With ten wickets in the ODI series so far, in addition to the nine scalps in the preceding Twenty20 International series, Rashid is in the form of his life and Afghanistan will hope he can continue in the same vein.
But it was Stanikzai's performance that grabbed the maximum eyeballs as he anchored the innings to perfection before feasting on the Irish bowling to take Afghanistan to its highest ODI score, bettering its previous best of 302 for 5 against United Arab Emirates in 2014.
Ireland, meanwhile, has had a tough time on this tour. It has already been blanked 3-0 in the T20Is, and will hope luck smiles on it as it aims to halt the Afghanistan juggernaut.
It's not that Ireland hasn't had its chances, but frequent collapses have hurt it. William Porterfield, the captain, and Paul Stirling, the allrounder, have sparkled at the top of the order but there have been no notable contributions from the middle order.
In the second game, Stirling and Ed Joyce, the openers gave the side a perfect start with a 113-run stand. Stirling, who had taken 6 for 55 to become the first Ireland bowler to take six wickets in an innings, hit an impressive 95 in 80 balls. But Ireland failed to capitalise on that as it folded for 304 in the 48th over, 34 runs short of the target.
That the middle order is in need of a shake-up can be gauged from the fact that despite Porterfield and Stirling being the top two run-getters in the series Ireland hasn't managed to win a single game.
For a long time, the European side was considered the top dog among Associate nations, but in the last couple of years Afghanistan has been brilliant, and Ireland has been forced to play catch-up.

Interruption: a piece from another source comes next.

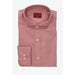 Camisa Lisa Burdeos Cuello Vestir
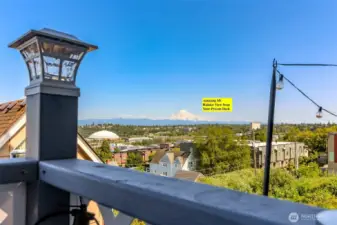Just look at your Mt Rainier view!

The pitches also haven't been to Ireland's liking, with the flat wickets not offering much for its pacers, especially George Dockrell, the key left-arm bowler. Jacob Mulder, the legspinner, has been somewhat impressive but hasn't been consistent enough.
But Ireland was also aware what surfaces would welcome it in India long before it boarded the plane. A little more application from the batsmen and a little less waywardness from the bowlers could go a long way in helping it reverse the string of defeats.
Afghanistan: Asghar Stanikzai (capt), Mohammad Shahzad (wk), Mohammad Nabi, Rashid Khan, Amir Hamza, Noor Ali Zadran, Rahmat Shah, Samiullah Shenwari, Gulbadin Naib, Najibullah Zadran, Fareed Ahmad, Ihsanullah Janat, Hashmatullah Shahidi, Dawlat Zadran, Karim Janat, Aftab Alam.
Ireland: William Porterfield (capt), Gary Wilson (wk), Niall O’Brien, Kevin O’Brien, Ed Joyce, Boyd Rankin, Paul Stirling, Andrew Balbirnie, George Dockrell, Jacob Mulder, Tim Murtagh, Andrew McBrine, Barry McCarthy, Stuart Thompson, Craig Young.